» Required action: Once the line holding "2026 Nissan Murano Platinum" is found in the entries below, transcribe exactly every line up to and including the one holding "spiderweb embroidery hoop", but leave out the pictures.

Data to use Start Marker

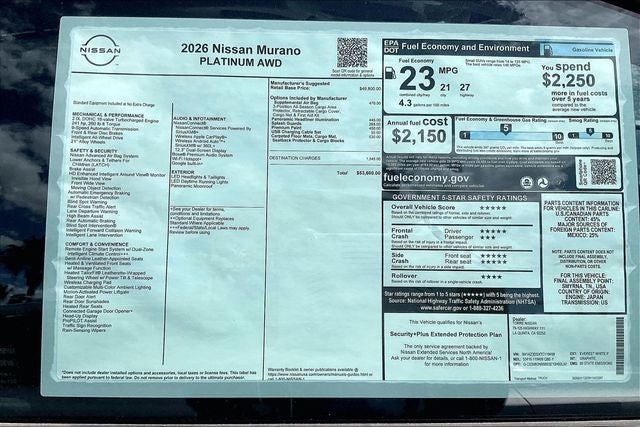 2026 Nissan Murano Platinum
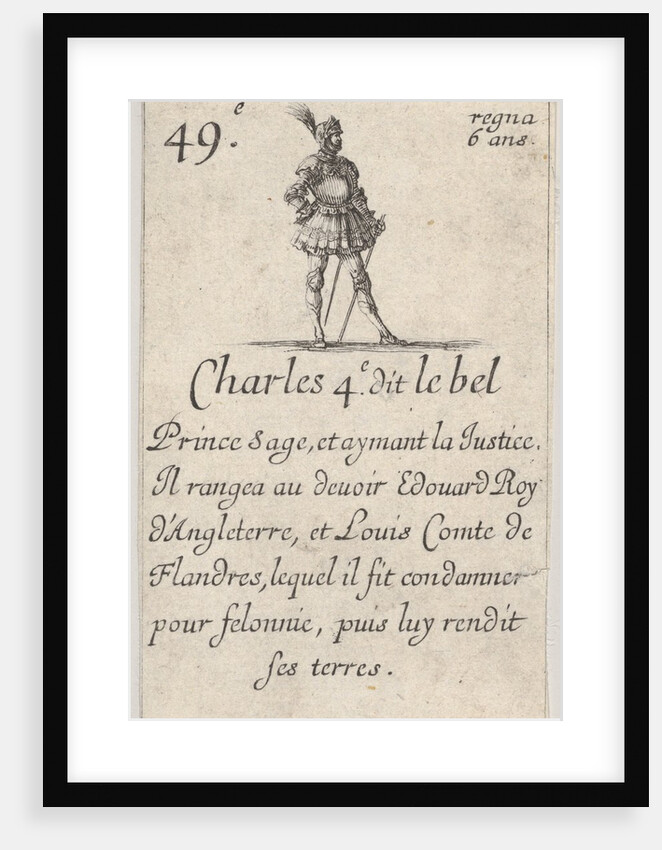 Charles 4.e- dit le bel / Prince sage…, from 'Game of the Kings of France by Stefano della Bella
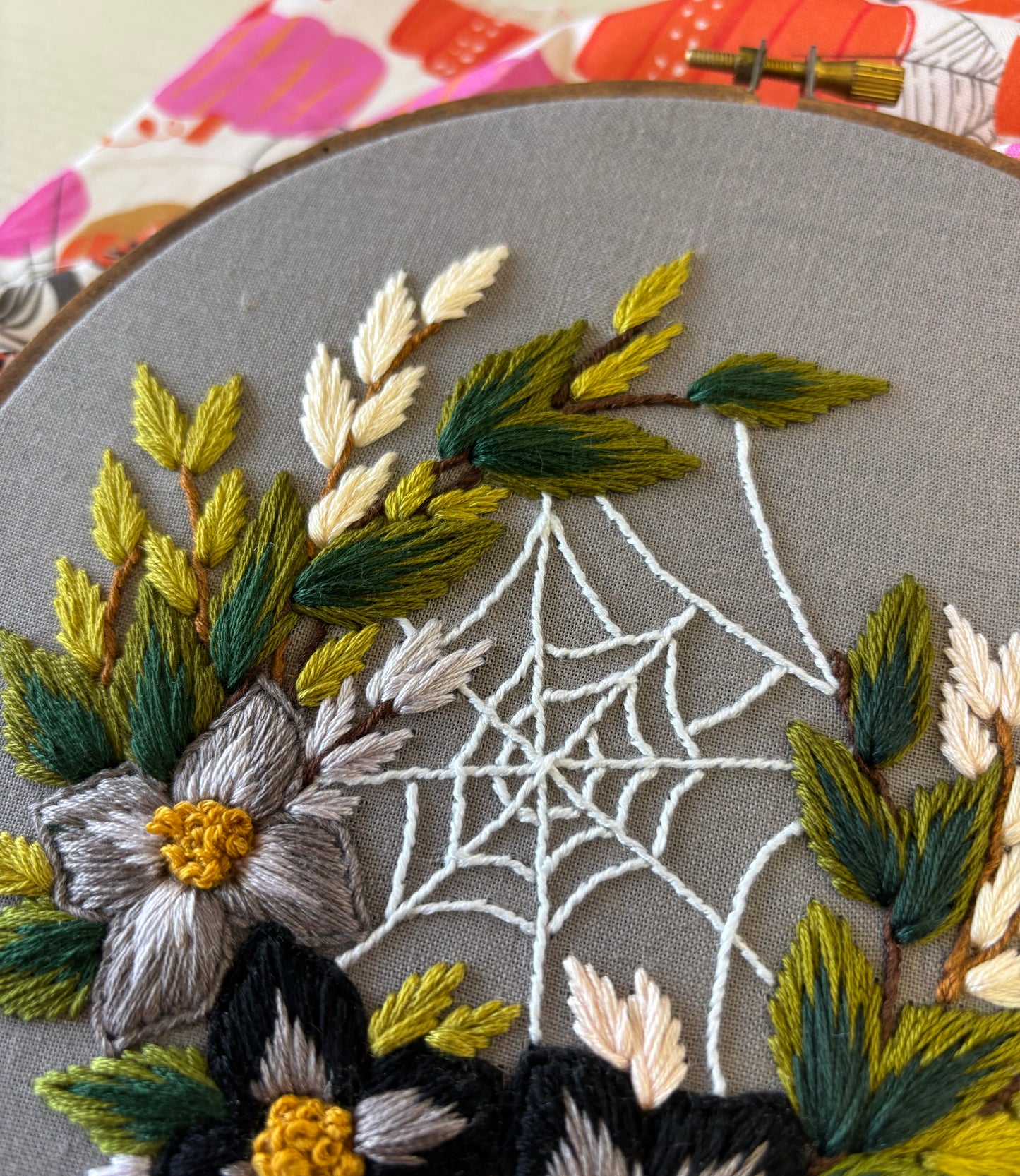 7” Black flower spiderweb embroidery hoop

Data to use End Marker
Data to use Start Marker

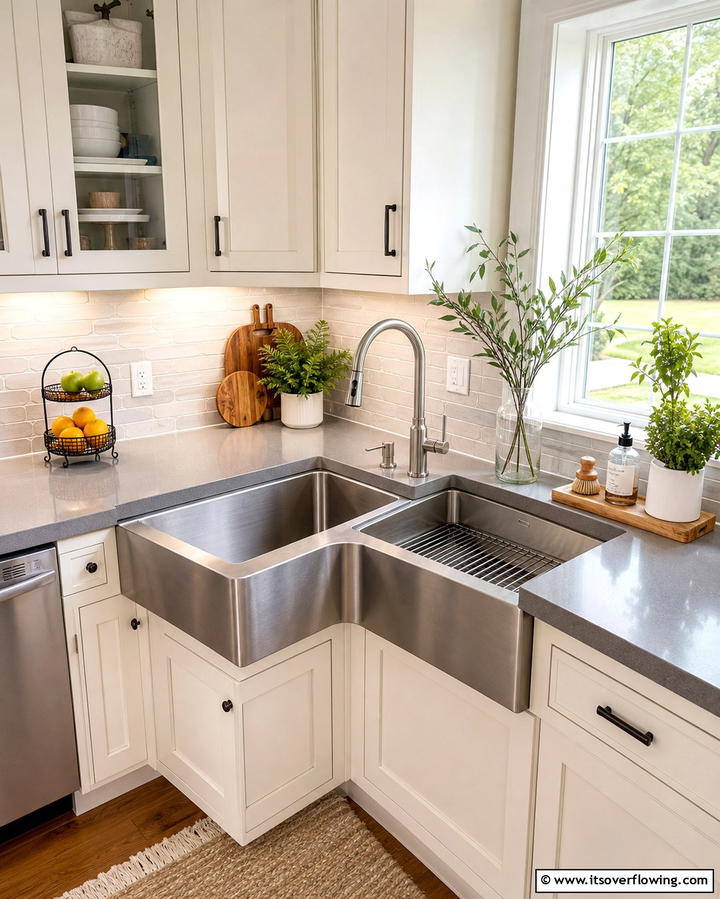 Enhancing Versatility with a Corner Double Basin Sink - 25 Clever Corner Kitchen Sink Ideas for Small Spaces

Data to use End Marker

» Reply:
 2026 Nissan Murano Platinum
 Charles 4.e- dit le bel / Prince sage…, from 'Game of the Kings of France by Stefano della Bella
 7” Black flower spiderweb embroidery hoop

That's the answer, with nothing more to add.